Paul Lewis/SINGAPORE

Japan Defence Agency (JDA) planners are weighing up options to defer development of a replacement maritime patrol aircraft (MPA) to focus its increasingly tight financial resources on acquiring a combined inflight refuelling tanker and transport jet.

Local defence sources in Tokyo say that the JDA is leaning towards combining the Japan Air Self-Defence Force's (JASDF) requirements for a tanker and new C-X transport. This, along with the Japan Maritime Self-Defence Force's (JMSDF) need to find funding for more Aegis-equipped destroyers, threatens to delay replacement of its Kawasaki-built Lockheed P-3C Orions.

Japan's aerospace industry had been promoting an indigenous MPA design, which it argues could be combined with elements of the JASDF's C-X to save money. The JDA had originally planned to launch development of a P-3 successor in 2000 and signed an agreement last year to form a joint technical review committee with the US Navy.

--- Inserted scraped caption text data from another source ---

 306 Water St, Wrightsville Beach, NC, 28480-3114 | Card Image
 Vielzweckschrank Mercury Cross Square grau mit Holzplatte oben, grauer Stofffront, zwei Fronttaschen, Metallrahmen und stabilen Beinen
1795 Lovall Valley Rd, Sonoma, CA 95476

In 1997 Kawasaki delivered the last of 101 licence-built P-3Cs and is in urgent need of a large follow-on programme to sustain fixed wing aircraft activities at its Gifu plant. In lieu of the MPA, the company is left to survive on a diet of future P-3C upgrades, possible tanker/transport fitting out and subcontracting.

The JASDF wants priority to be given to acquiring a tanker and the replacement of its 30 year old Kawasaki C-1 transports. Compared to the JMSDF's projected requirement for 80 MPAs, a combined tanker/C-X programme represents fewer aircraft numbers and favours an off-the-shelf purchase.

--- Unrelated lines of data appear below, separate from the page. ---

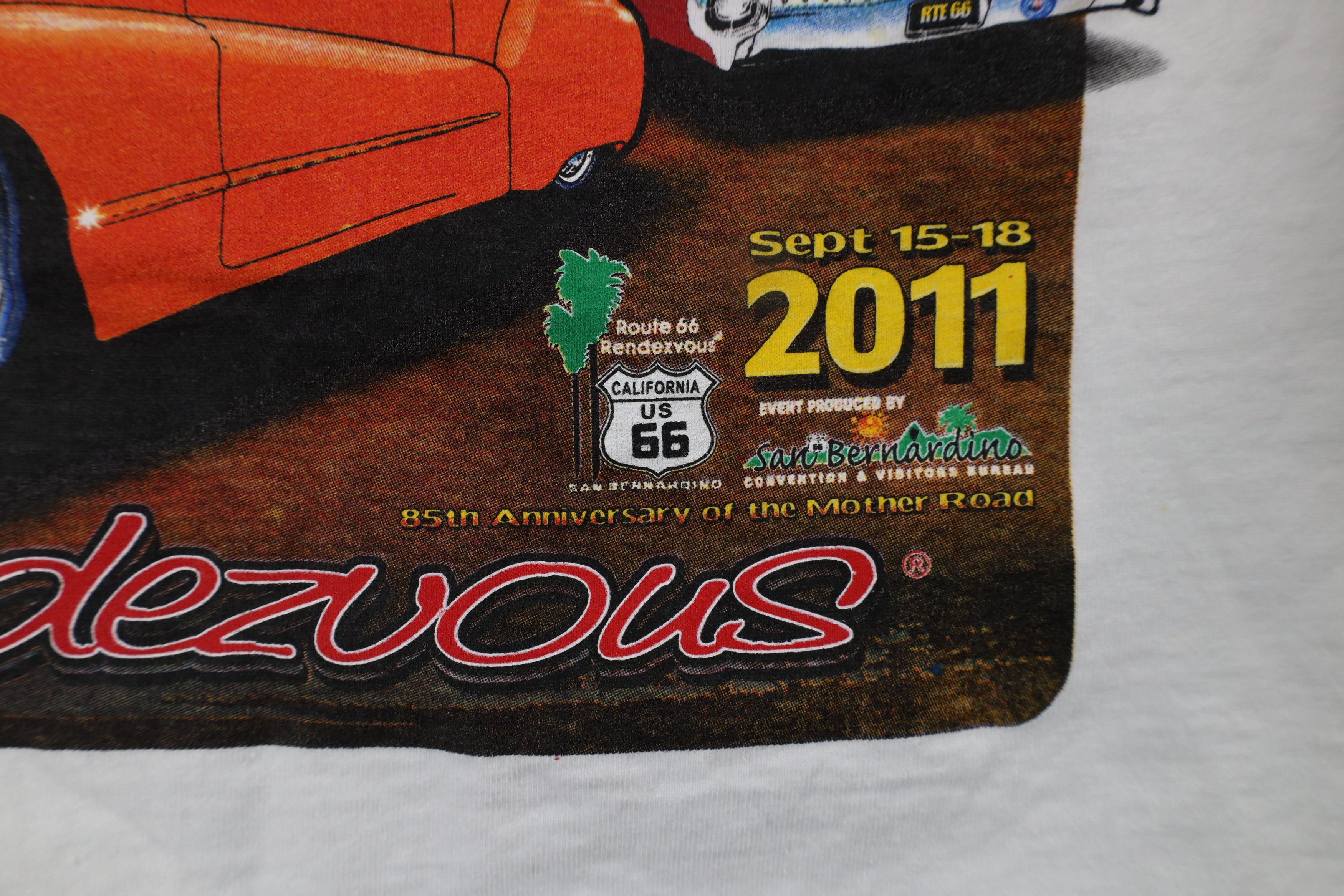 Vintage Vintage Y2K 66 Stater Bros Rendezvous 2011 Car T-Shirt White Size US XL / EU 56 / 4 - 8 Thumbnail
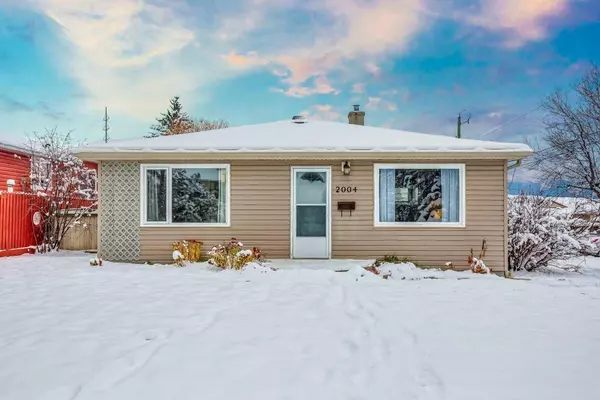 2004 52 ST NW, Calgary, AB T3B 1C4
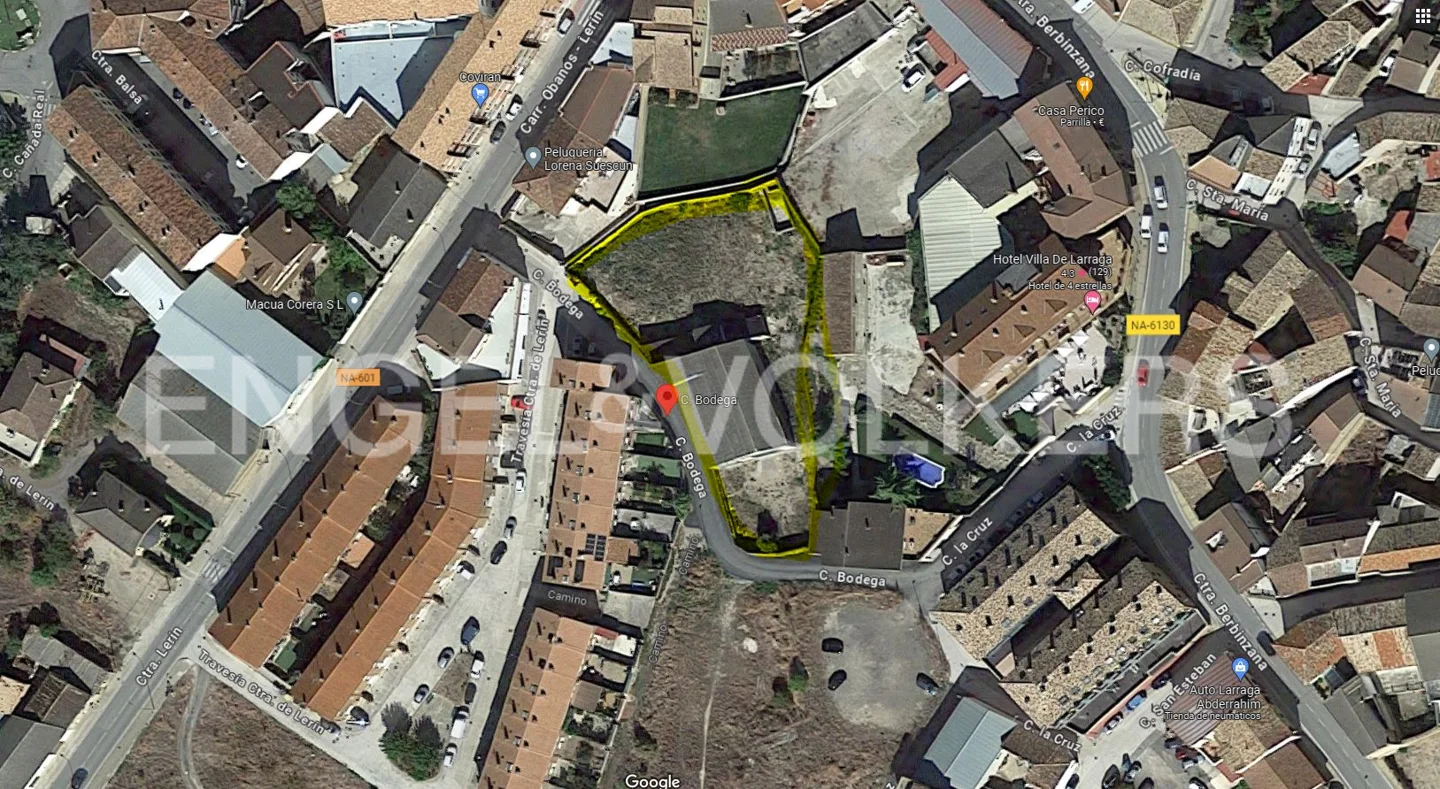 Plot for building apartments in Larraga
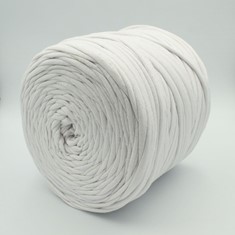 Zdjęcie włóczki T-shirt Yarn białej. 
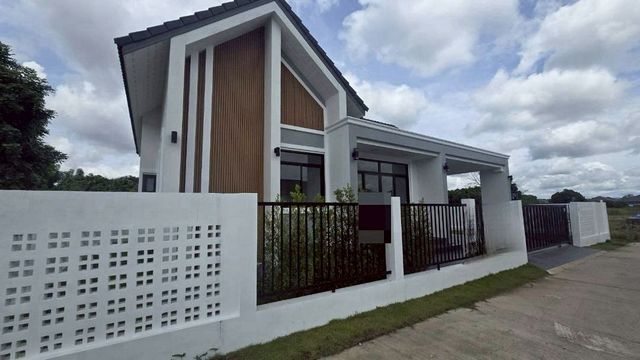 ราคาเริ่มต้น 2.49 ล้าน #โซนท่ารั้ว #ดอยสะเก็ด บ้านเดี่ยวใหม่ #สไตล์โมเดิร์นนอร์ดิก พร้อมอยู่ #ใกล้ตลาดท่ารั้ว เข้าเมืองง่าย #น้ำไม่ท่วม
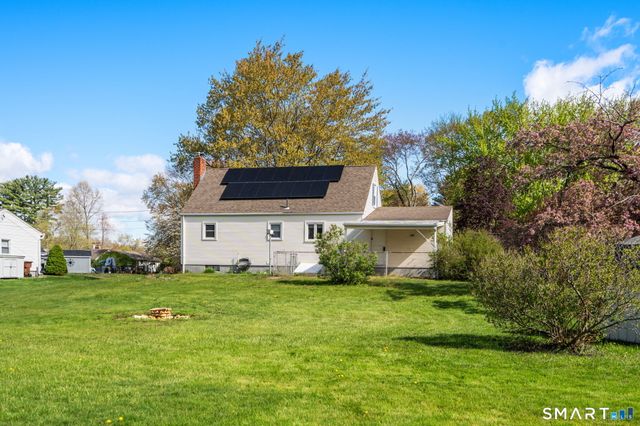 6 Roberts Road, Enfield, CT 06082
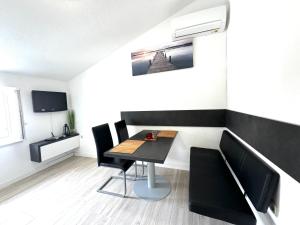 NellaToni Apartments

Japan's preferred choice appears to be Boeing's proposed tanker/ transport derivative of the 767, which offers platform commonality with four newly delivered 767 airborne early warning aircraft. Other proposed solutions include the Airbus A310, Boeing C-17 and Lockheed Martin C-130J.

The JDA is expected to conclude its ongoing tanker study by October and is hoping to secure an initial procurement budget in fiscal year 1999/2000, although this could be delayed.